Mereka kurangi beban-beban dunia agar lebih ringan dan tidak menyibukkan mereka dengan harta tersebut. Sabiqun bil khoirat ini mencukupkan dunia sebagaimana seorang musafir yang membutuh perbekalan seadanya hanya untuk mempertahankan diri selama perjalanan. Mereka paham betul dengan hadist Rasulullah sallallahu alaihi wasallam ;
مَا لِي وَمَا لِلدُّنْيَا، مَا أَنَا فِي الدُّنْيَا إِلاَّ كَرَاكِبٍ اسْتَظَلَّ تَحْتَ شَجَرَةٍ ثُمَّ رَاحَ وَتَرَكَهَا
“Ada kecintaan apa aku dengan dunia?

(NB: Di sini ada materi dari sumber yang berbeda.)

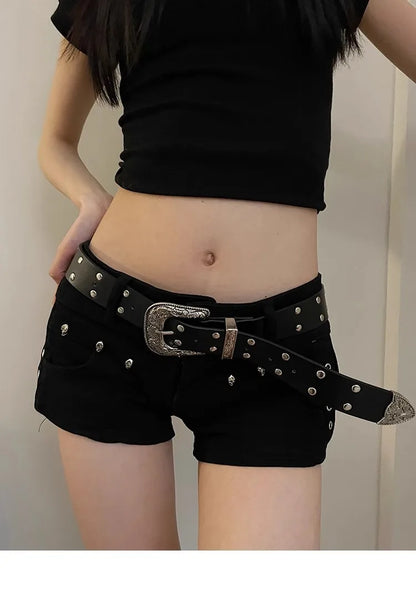 Heavy Retro Rivet Belt Women's Fashion Personality High-End With Jeans 2024 New Belt Trend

Aku di dunia ini tidak lain kecuali seperti seorang pengendara yang mencari teteduhan di bawah pohon, lalu beristirahat, kemudian meninggalkannya.” (HR. At-Tirmidzi no. 2377, dishahihkan Asy-Syaikh Al-Albani rahimahullahu dalam Shahih At-Tirmidzi)
Itulah ucapan Rasulullah sallallahu alaihi wasallam yang ditiru oleh mereka. Bukan berarti mereka lari dari dunia dan hidup dengan meminta. Tetapi saat hati mereka mengarah pada dunia, mereka pupus niatan-niatan dunia tersebut, kemudian ia arahkah hatinya untuk niatan akhirat. Sehingga tidaklah ia mencari rizki, makan, tidur dan seluruh aktifitas mereka kecuali untuk akhiratnya.
Jika Allah mentaqdirkan kita menjadi orang yang berlebih dalam hal harta, maka jadilah seperti Rasulullah sallalllahu alaihi wasallam yang sebenarnya kaya jika beliau mau mengambil bagian harta dari rampasan perang. Tetapi beliau lebih suka hidup sederhana yang kadang beberapa hari tidak mengepul asap dirumahnya. Bahkan alas tidur beliau adalah tikar yang meninggalkan bekas di badan saat setelah memakainya.
Atau seperti Abdurrahman bin ‘Auf. Seorang jutawan dan milyader yang hartanya dipergunakan untuk perjuangan islam dan menegakkan diin ini. Beliau tidak menggunakan hartanya untuk kepentingan pribadi dan bermegah-megahan. Bahkan beliau jarang makan makanan yang lezat karena takut kenikmatan di akhirat akan terkurangi dengan kenikmatan dunia yang beliau rasakan. Inilah hakekat zuhud. Yaitu meninggalkan hal-hal yang kurang bermanfaat dan membahayakan pada kehidupan akhirat.
Cinta pada dunia yang mendalam memang akan membahayakan akhirat. Sebaliknya, cinta akhirat yang mendalam pasti akan membahayakan dunianya. Dan sebagai seorang mukmin harus lebih mengutamakan yang kekal dibandingkan yang fana. [ Amru ].